## [Exercise requirements]
Reproduce the following data exactly, minus any images.

## [Supplied data]
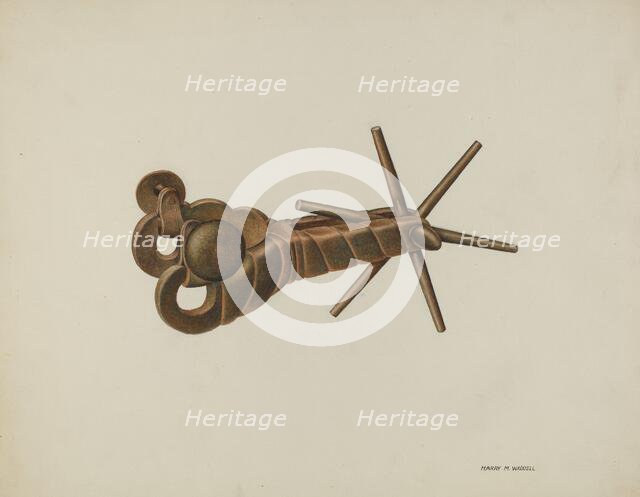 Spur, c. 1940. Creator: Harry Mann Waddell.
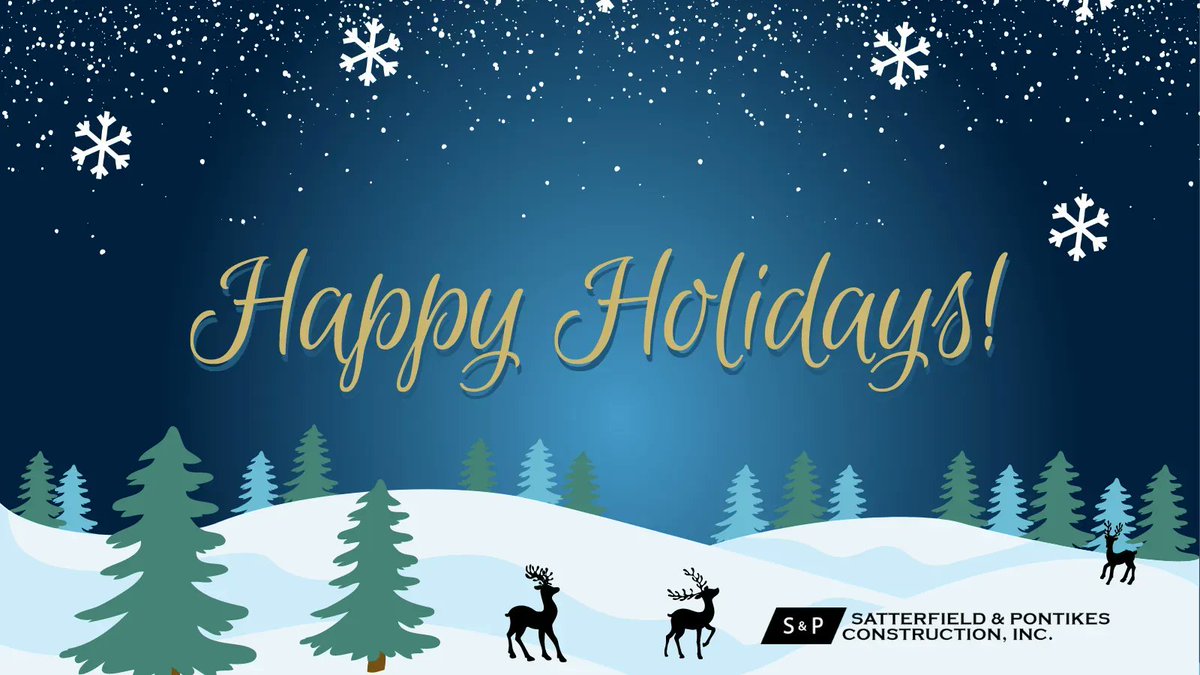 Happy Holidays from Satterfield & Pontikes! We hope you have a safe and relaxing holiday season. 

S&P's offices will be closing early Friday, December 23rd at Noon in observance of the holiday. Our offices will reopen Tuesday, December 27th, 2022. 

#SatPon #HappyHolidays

## [Reply]
 Spur, c. 1940. Creator: Harry Mann Waddell.
 Happy Holidays from Satterfield & Pontikes! We hope you have a safe and relaxing holiday season. 

S&P's offices will be closing early Friday, December 23rd at Noon in observance of the holiday. Our offices will reopen Tuesday, December 27th, 2022. 

#SatPon #HappyHolidays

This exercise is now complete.